I also just learned that somehow my PhD thesis has made it into the top 30 results for the search term music information retrieval! :-)
Anyway, the point is that Google scholar as a form of evaluating the quality of papers is highly insufficient: the delay between having a final version of the paper and the point where reliable quality estimates can be made is way too large (often taking several years).
Given the limitations of Google scholar I’ve been thinking about what the future of the paper industry should be like (and in particular how the quality of a paper could be measured more quickly), and here are some things I’d love to see:
1. Papers should be publicly reviewed similar to the book reviews by Amazon’s customers. (Including the option to rate the usefulness of reviews.)
2. Researchers, research projects, and research teams should have blogs in which they present their findings and encourage open discussions and criticism of their work.
3. Researchers (and in particular students) should post their ideas on public sites to get instant feedback from peers (and document who came up with the idea first).
And here’s how I plan to contribute to the future:
I plan to publish some comments from reviewers, and my response for the ISMIR'07 paper for which I’m first author of (including a link to the paper and the demonstration video).
I plan to write reviews on papers that I read in the future. Maybe I’ll do so for some ISMIR'07 papers that are already online.
However, I’m also planning to spend most of my time in the next weeks helping improve how Last.fm's radio stations listen to their listeners. So it might take me a while to get my "Paper Industry 2.0" contributions started :-)
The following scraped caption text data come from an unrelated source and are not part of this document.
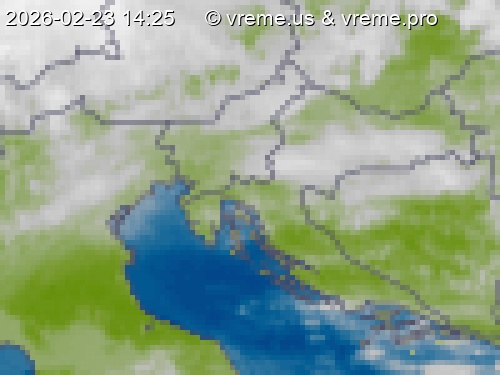 Oblačnost Slovenija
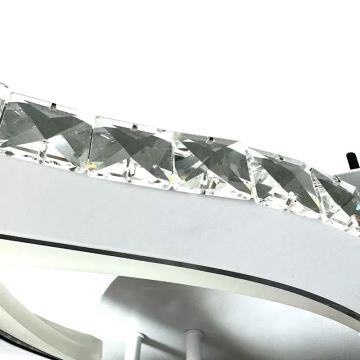 Brilagi - Пристельова LED люстра з регулюванням яскравості TWIST LED/180W/230V 3000-6500K + пульт дистанційного керування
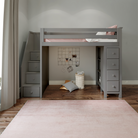 Oxford - Twin High Loft w/ Staircase & Dresser-Bookcase - Tots to Teens Furniture
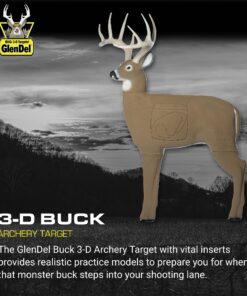 Alternative view of GLENDEL Buck 3D Archery Target with Replaceable Insert Core, GlenDel Buck w/4-sided Insert, Brown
Btw, using A/B tests to evaluate algorithms on radio stations beats number of citations any time :-)
(And if you like A/B tests, you’re probably also a fan of Greg Linden’s blog.)
I just read the two links posted in the comments and they are great!
The first link posted by Paul basically talks about how the Nature community is still very old school. The second link posted by Chris talks about how things will need to change in the future and why so many researchers are still very old school.